Handling difficult situations well increases customer trust and loyalty. In a 1992 study, for example, IBM found that when customers had no problems, their repurchase rate was about 84%. If they had a problem and were satisfied with how it was handled, repurchase rate increased to 92%. If handled badly, only 46% would buy again. There’s a silver lining in these tense situations.

Olark’s Example

Following is textbook application of the five service recovery steps. Customer chat provider Olark went down on January 25 and 26 and the company’s CEO sent this message after the incident (my comments inserted in bold):

Hello –

I’m emailing to update you on our service outages on Monday and Tuesday this week.

Service was fully restored at about 11:00am PST Tuesday and all systems are still stable as of this morning.

I know this has been a very frustrating and trying time for you as an Olark customer (Empathize), and for that I apologize (Apologize). Please know that, since Monday, our team has been working through the night to resolve two different incidents. The post mortems on these incidents are here and here. (links to incident pages where Olark maintained regular status Communication).

This has been a tough two days knowing that we’ve let you down, (Empathize) and we want to make amends. (Follow Up)

We failed to provide you with the service you deserve. I wish I could tell you this outage was unpredictable, or it was all an external party’s fault, but it wasn’t. 

On Monday night, our upstream service provider experienced an unexpected outage caused by maintenance of its entire data center, which lasted for hours. By 9:06pm PST, the Olark team identified the network outage.
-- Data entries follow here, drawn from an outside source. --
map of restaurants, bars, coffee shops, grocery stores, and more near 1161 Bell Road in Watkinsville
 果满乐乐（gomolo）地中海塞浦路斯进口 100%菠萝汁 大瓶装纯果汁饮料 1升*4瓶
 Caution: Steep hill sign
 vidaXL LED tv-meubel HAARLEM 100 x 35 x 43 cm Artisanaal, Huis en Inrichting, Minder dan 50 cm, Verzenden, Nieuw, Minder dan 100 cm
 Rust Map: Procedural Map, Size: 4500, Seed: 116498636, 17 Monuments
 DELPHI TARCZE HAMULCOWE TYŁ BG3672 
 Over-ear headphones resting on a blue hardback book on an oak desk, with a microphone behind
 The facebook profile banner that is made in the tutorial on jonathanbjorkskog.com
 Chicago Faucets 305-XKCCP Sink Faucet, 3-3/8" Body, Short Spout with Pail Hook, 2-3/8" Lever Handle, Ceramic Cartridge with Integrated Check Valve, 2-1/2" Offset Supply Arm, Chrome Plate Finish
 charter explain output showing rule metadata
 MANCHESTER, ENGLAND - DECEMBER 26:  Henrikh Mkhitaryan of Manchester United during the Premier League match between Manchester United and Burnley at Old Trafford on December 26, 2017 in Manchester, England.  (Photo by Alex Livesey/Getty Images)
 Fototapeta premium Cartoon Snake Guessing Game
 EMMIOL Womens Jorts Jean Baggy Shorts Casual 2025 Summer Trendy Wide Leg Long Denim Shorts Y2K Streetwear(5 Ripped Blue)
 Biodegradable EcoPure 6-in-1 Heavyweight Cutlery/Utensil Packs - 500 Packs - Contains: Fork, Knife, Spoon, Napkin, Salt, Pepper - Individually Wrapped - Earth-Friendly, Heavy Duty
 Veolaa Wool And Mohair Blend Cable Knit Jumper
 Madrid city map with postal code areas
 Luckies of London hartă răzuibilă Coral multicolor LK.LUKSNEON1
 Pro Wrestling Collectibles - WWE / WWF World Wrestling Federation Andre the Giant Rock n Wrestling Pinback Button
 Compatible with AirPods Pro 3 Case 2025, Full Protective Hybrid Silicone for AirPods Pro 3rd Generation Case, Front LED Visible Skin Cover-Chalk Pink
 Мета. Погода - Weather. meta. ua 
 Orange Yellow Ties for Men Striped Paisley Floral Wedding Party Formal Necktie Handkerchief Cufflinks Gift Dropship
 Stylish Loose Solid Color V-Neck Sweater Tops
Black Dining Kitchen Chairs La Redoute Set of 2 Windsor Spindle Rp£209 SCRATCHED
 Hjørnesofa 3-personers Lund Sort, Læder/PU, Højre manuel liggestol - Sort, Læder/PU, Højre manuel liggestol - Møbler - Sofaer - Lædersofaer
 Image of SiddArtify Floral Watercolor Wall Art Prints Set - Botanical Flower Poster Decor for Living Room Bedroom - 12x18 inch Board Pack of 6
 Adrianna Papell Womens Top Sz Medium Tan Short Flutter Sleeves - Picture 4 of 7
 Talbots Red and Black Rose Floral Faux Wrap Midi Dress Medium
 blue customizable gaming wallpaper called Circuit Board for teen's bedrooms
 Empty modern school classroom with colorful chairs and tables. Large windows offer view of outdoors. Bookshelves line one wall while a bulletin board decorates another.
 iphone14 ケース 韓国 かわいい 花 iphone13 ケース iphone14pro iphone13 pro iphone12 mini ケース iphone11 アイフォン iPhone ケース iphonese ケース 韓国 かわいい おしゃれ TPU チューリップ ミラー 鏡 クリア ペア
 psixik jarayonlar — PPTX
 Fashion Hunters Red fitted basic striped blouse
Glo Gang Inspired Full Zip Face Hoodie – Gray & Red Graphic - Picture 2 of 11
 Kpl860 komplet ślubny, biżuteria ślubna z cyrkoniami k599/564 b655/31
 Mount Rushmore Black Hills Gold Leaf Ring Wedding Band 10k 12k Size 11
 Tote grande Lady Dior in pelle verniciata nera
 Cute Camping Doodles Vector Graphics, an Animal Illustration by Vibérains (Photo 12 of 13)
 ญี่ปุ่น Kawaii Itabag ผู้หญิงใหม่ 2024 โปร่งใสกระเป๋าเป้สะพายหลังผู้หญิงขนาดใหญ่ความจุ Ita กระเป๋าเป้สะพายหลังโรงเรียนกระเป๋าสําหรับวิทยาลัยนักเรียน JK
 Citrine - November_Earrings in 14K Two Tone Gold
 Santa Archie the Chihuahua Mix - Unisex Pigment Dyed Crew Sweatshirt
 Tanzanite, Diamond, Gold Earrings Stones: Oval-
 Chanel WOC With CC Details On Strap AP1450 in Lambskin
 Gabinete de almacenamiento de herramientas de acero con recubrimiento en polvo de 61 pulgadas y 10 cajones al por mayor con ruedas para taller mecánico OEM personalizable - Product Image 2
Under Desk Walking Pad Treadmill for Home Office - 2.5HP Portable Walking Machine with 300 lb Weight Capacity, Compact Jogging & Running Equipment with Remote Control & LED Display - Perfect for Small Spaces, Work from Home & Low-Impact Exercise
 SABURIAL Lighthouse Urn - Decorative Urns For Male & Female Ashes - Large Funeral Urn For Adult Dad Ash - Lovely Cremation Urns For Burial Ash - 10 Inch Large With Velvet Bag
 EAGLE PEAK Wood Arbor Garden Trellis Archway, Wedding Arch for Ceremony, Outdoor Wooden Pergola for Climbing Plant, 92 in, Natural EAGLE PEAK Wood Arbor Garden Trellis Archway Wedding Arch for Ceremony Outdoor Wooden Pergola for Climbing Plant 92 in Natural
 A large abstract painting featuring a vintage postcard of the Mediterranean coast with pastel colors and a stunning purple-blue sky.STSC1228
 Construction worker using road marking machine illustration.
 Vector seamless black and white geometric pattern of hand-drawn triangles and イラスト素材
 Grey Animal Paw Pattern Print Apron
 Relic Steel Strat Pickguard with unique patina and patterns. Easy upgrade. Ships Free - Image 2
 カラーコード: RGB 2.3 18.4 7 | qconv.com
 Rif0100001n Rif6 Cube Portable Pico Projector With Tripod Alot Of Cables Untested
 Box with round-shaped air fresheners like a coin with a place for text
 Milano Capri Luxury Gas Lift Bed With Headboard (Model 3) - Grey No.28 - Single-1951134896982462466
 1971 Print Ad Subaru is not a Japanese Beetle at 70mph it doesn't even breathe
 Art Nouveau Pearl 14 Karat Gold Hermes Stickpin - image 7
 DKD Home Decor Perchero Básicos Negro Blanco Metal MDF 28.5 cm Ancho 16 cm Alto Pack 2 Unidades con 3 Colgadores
At 10:44pm PST, the service provider acknowledged its routine maintenance had problems and was affecting its customers, including Olark. Once the issue was resolved on their end, we began to restart our servers at around midnight.

We have been aware that it was possible that a cascading reboot of Olark’s system could lead to an outage. This is the kind of exceptionally rare event that could only happen during a major data center disruption like the one on Monday night. We have in fact been working on hardening our system to this kind of risk for months.

That’s why we know it was preventable. In the end, we did not execute quickly enough to prevent these two issues from affecting you.

We feel no great irony in the fact the specific component that lead to this outage was scheduled to be replaced this week. The positive news is that we spent the last months rewriting how the particular servers affected today are set up. Had the servers been using this new set up, it would have helped avoid this issue. These updates are still due to be released imminently as they were scheduled to do so regardless of this particular outage. (Follow up: prevention of recurrence)

You can rest assured, we are taking this seriously.

I realize that doesn’t make up for lost business Monday and Tuesday though.

As a mea culpa, we are issuing you 2 days’ worth of credit on your account. You should see that reflected in the next few days. (Follow up: restitution)

If you feel this isn’t sufficient, please let me know and we can discuss further – benc@olark.com (Follow up: reconnect to rebuild trust)

Please let me know if there’s anything else I can do to help,

Ben Congleton,

Chief Executive Olarker, Olark

 

Clearly Olark dealt with a tough situation, one facing everyone in the cloud computing business. But unlike many others, the company followed essential steps to recover gracefully. Time will tell how their actions rebuilt trust and retained customers, but they indeed bounced high after falling far.

Kudos to Mr. Congleton and the rest of the Olark team.